ASSIGNED TASK
Return each line of the entries that holds the string "Вход".

Short descriptive text snippets:
┏━━

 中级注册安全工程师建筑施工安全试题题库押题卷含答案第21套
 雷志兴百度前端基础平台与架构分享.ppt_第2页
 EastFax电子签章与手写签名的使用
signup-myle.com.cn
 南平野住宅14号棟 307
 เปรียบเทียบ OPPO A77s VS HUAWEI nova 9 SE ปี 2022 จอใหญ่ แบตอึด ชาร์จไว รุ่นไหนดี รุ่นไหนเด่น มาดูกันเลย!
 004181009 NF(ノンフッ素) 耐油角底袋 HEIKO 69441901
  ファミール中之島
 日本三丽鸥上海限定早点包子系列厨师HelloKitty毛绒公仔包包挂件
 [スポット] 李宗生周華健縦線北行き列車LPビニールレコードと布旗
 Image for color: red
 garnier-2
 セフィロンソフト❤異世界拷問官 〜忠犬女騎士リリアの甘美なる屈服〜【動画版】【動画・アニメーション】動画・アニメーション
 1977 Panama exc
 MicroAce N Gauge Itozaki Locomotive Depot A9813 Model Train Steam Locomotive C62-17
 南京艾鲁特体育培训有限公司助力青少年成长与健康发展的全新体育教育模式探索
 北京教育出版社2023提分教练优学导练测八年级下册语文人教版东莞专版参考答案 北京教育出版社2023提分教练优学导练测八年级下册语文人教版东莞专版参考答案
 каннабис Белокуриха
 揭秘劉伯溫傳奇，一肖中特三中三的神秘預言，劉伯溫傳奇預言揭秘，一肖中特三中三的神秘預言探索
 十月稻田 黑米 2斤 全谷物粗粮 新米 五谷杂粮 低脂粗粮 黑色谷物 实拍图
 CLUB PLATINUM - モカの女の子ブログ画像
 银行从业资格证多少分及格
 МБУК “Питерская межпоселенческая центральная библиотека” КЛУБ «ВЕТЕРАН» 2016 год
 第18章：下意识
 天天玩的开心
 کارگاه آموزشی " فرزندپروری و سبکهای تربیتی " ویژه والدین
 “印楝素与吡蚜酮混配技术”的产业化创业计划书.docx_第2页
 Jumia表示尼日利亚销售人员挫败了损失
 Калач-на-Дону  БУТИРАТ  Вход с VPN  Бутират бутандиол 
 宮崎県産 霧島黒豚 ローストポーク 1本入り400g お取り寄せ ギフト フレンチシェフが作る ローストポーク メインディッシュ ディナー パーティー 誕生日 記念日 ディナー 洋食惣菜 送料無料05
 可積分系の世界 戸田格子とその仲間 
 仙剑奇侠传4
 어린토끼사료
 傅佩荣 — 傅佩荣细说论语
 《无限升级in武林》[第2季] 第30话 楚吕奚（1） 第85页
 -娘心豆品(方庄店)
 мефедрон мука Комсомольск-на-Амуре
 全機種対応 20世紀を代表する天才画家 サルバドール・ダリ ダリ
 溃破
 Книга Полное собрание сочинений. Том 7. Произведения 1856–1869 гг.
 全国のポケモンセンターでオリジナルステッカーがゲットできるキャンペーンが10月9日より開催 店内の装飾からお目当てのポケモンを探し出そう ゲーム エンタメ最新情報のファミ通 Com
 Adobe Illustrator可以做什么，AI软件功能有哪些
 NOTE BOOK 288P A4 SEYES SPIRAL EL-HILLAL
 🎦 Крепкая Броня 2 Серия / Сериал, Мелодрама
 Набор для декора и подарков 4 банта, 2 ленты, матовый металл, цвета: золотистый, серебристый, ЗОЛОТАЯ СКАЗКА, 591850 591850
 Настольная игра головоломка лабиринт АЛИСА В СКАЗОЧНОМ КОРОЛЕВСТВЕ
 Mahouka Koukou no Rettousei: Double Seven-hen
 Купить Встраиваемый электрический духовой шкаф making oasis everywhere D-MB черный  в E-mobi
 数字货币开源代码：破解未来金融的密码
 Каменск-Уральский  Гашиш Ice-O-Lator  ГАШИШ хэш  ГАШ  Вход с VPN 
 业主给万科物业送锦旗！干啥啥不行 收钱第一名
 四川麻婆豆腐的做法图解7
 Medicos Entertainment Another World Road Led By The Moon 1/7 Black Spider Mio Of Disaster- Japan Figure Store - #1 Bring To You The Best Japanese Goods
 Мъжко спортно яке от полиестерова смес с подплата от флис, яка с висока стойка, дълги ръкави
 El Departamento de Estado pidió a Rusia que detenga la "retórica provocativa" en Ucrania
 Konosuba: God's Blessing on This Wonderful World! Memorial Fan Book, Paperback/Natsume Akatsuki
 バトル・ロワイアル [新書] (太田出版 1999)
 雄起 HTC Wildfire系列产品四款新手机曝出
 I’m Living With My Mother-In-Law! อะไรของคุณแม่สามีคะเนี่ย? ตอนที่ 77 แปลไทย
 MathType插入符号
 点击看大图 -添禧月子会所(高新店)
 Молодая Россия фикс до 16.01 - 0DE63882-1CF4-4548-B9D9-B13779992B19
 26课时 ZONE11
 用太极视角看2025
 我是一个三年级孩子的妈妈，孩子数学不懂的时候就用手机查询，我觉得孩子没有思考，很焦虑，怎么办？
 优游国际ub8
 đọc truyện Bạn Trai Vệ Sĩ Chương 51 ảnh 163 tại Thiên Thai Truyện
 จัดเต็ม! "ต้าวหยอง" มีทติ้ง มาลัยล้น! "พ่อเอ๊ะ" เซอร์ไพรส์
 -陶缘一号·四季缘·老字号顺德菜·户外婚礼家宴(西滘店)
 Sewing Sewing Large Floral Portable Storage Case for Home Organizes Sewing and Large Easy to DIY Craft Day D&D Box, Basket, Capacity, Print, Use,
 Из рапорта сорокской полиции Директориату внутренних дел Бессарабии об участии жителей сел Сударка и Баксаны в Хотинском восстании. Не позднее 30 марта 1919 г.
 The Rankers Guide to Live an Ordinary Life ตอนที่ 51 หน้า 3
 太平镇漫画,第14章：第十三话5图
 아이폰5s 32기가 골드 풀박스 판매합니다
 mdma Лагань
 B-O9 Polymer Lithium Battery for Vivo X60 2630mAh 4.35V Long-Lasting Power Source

┗━━

RESPONSE BELOW
 Калач-на-Дону  БУТИРАТ  Вход с VPN  Бутират бутандиол 
 Каменск-Уральский  Гашиш Ice-O-Lator  ГАШИШ хэш  ГАШ  Вход с VPN 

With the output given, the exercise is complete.